Apolo giró a ver a su hermano, con una sonrisa en el rostro. Fue ahí que Dio se dio cuenta. Apolo no solo había crecido siendo admirado, sino que emitía una sensación agradable. Generaba confianza y eso genera admiración. Aunque tanto Dio como Apolo eran apuestos, aquella sensación le daba mucha ventaja a Apolo.
—¿Por qué me citaste aquí? ¿Sabes quién asesinó a nuestro padre?
—Si —dijo Dio, sacando un objeto de su bolsillo—. Yo lo hice —mostró el ojo de su padre.
—¡¿Quééé? —exclamó Apolo horrorizado.
—¿Sabes por qué conservé los ojos? Pues para sus ojos, tu eras perfecto y yo solo era un estorbo. Crecer de esa forma solo me hizo pensar que no servía de nada, pero cuando lo maté, me di cuenta que no era así. Soy tan peligroso que el destino me hizo crecer con ustedes, para impedir que tome al mundo como mi propiedad. Ahora solo debo deshacerme de aquello que se opone en mi camino.
—¡Dio! ¿Qué pretend...? ¡Aaghhhh!
Dio se impulsó hacia adelante con un cuchillo en la mano, clavándolo en el cuello de su hermano.
—Tu exceso de confianza hizo que vengas sin arma. Nuevamente, el destino está a mi favor.
Apolo regurgitó y escupió sangre sobre su barbilla. Dio pateó el moribundo cuerpo de su hermano hacia el mar, con todo el odio que sentía.
—Nada se interpone. ¡Seré grande y el mundo será mío!
Levantó los brazos en señal de triunfo, mientras que la luz del sol lo bañaba por completo, haciéndolo ver gigante sobre el risco
Pero un gritó lo alertó. Un grupo de gendarmes estaban acercándose.
—¿Cómo? —preguntó Dio, pero vio como unos pescadores que estaban cerca habían alertado sobre la situación—. ¡Maldición! ¡Debo huir de aquí!
Dio subió al caballo de su hermano y corrió lo más lejos posible. Los gendarmes lo siguieron rápidamente, pero no lo identificaron.
Al llegar al puerto. Dio se mezcló entre los comerciantes que traían especies marítimas en grandes barcos. Pero ahora los gendarmes habían alertado a los guardias para buscarlo. No tenía más escapatoria que tirar la capucha y entrar a un barco.

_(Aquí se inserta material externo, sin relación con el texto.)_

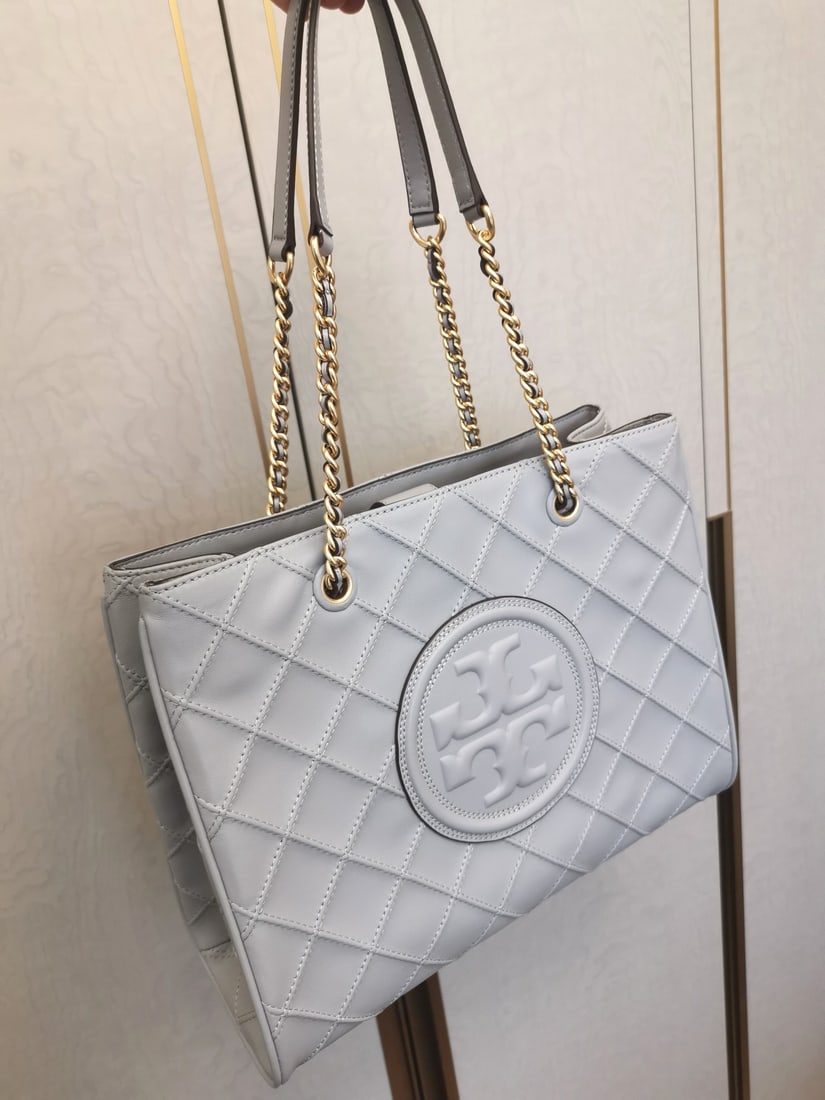 Tory Burch - 7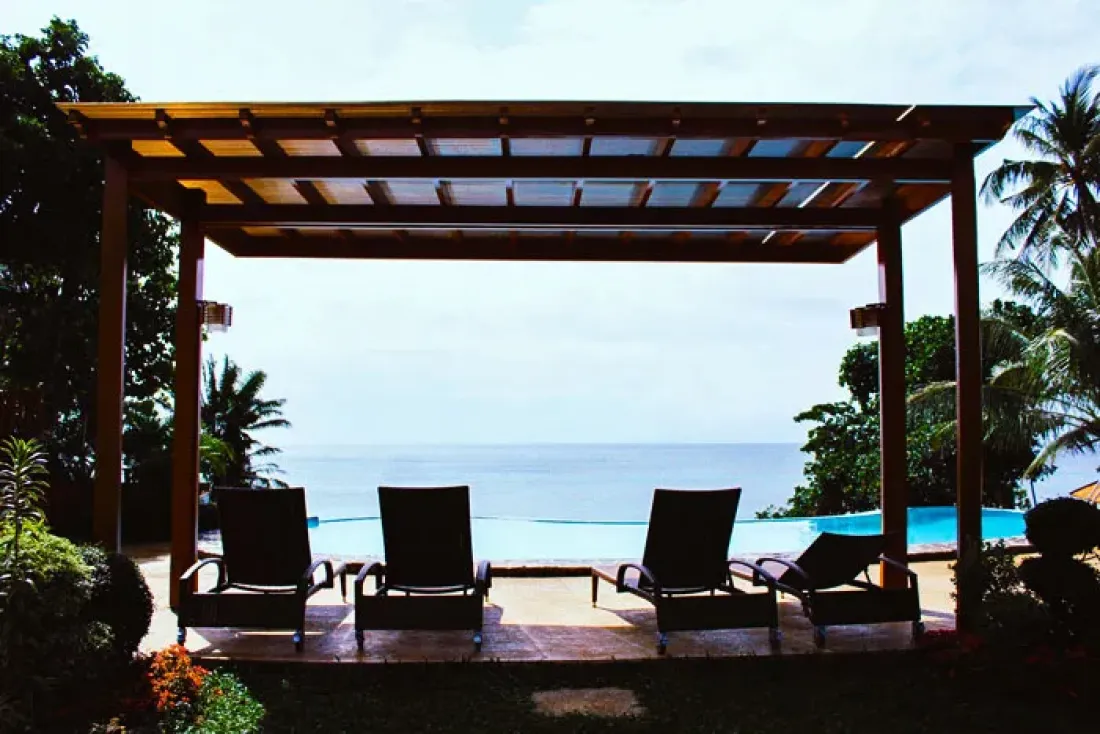 pergola dibangun di tepi pantai.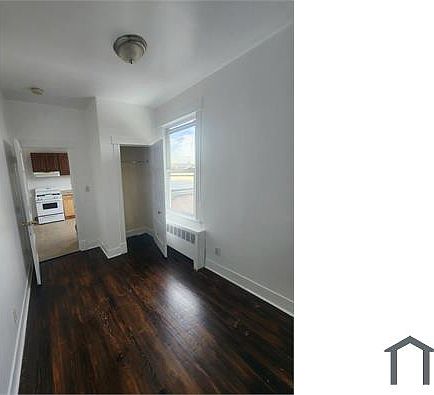 3rd image of 125 Webster Ave #3L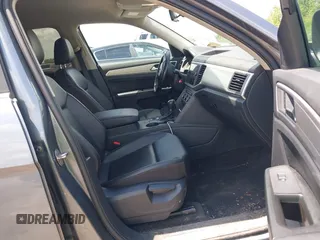 2018 Volkswagen Atlas SE с VIN 1V2CP2CA2JC593755, выставлен на аукционе IAAI как лот 42381332 с пробегом 62 664 миль миль и . История ставок и продаж доступна на DreamBid. Изображение 5.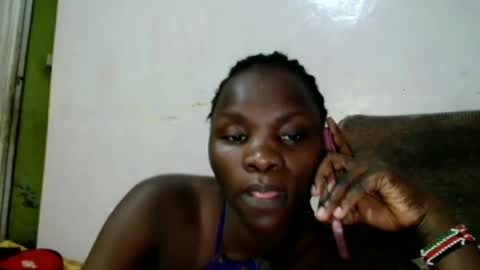 Snapshot of spicy_bella69 chatting on 17, 6, 2026 spicy_bella69 online show from 17, 6, 2026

Saltó sobre un cargamento de barriles y se escondió detrás de uno al ver a un par de guardias merodear cerca. Cuando se alejaron, Dio dejó su escondite y entró a la embarcación.

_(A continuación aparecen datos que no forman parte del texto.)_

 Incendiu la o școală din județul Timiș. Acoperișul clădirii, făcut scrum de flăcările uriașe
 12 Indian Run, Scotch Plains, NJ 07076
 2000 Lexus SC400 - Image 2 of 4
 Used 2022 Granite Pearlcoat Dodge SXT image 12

—Eso estuvo cerca —resopló cuando el barco comenzó a alejarse—. No me queda de otra que comenzar desde cero. Lejos de aquí. Pero, ¿a dónde irá este barco?
—¡Eh, chabón! ¿Quién sos? —dijo un hombre barrigón y con la voz rasposa.
—Soy el nuevo ayudante —respondió Dio, rápidamente.
«Si el destino sigue de mi lado —pensó Dio—, el panzón se creerá la mentira. De otro modo, me echará por la borda»
—¡Ah, ya veo! —respondió el hombre, rascándose la cabeza—. Tomá esa escoba y limpiá por ahí. Ya veremos luego qué más harás.
El hombre se marchó y Dio suspiró aliviado. El viento rozó su rostro con un aroma salado, flameando la bandera de Argentina que colgaba del poste.